Explosion. Accident. Undercover Video. Fire.

Single words, yet each is gripping in their implications of a crisis to a company. When a crisis occurs, a company’s immediate thoughts are on human safety and action to get a disaster under control, not crafting an appropriate message to media and stakeholders.

No matter the crisis, companies need to be prepared to respond quickly to many audiences. Having a crisis communication plan in place and an identified spokesperson(s) will allow a company to focus at a time when their attention is scattered in many directions.

Crisis work begins before a crisis.

A crisis communication plan contains many components. All depend upon one factor: A clearly communicated message to the company’s public. Three considerations are key:

  1. Media training for spokesperson(s)
  2. Tapping trusted relationships
  3. Monitoring

So you think you can talk to the media?

While a crisis team should be developed in advance to collaborate in preparing the proper message, the burden of delivery relies on one or two spokespersons. There are many poised public figures that thought they knew how to talk to the press but experienced that deer-in-the-headlight-look when the camera was rolling. Even the most collected personality can become flustered, particularly in a crisis situation.

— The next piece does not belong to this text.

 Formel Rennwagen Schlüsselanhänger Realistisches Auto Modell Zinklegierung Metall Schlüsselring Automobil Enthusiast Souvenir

Media training is vital to prepare a spokesperson with the ability to respond in a way that optimizes the message to all publics. Media training involves brainstorming possible scenarios and responses. The more preparation a team has ahead of time, the quicker they’ll be able to respond if a crisis does strike. Media trainers commonly conduct crisis “drills” to get the team used to mobilizing quickly and working through the process. These drills should include mock on-camera interviews with the spokespeople, too.

Top tips of media training:

  • ‘Jack’ be nimble. A crisis team should consist of the decision makers who are able to act without many layers of approvals. Be first with a message to reduce conjecture, rumors and negative detractors dictating the public’s perception.
  • Don’t say what you don’t know. Never speculate or be lured into answering a reporter’s question or provide information that you have not confirmed. Draft three key points and stay on message at all times.
  • Stop talking. When the message has been delivered or a question answered, no more needs to be said.

Make friends before a crisis.

When a crisis occurs is not the time to develop media relationships, build a social media community or cultivate trusted sources. Investing time and effort into developing strong relationships with the influential media in one’s space and building an online community before a crisis will allow companies to engage these relationships at crisis time and will likely minimize negative messages being spread.

Listen to and lead the conversation.

Monitoring is critical during, and after, a crisis. Through monitoring, a company can track the issues, be aware of what the media has published and follow what individuals are saying in social media. Then the crisis team needs to be prepared to jump into the conversation to correct facts, answer questions and share the brand’s side of the story including the steps taken to fix the situation.

Every crisis situation is unique. Preparing and training for what you hope will never happen in your wildest imagination will allow you to respond thoughtfully, collectedly and authentically should a crisis occur.

Click to learn more about crisis communications.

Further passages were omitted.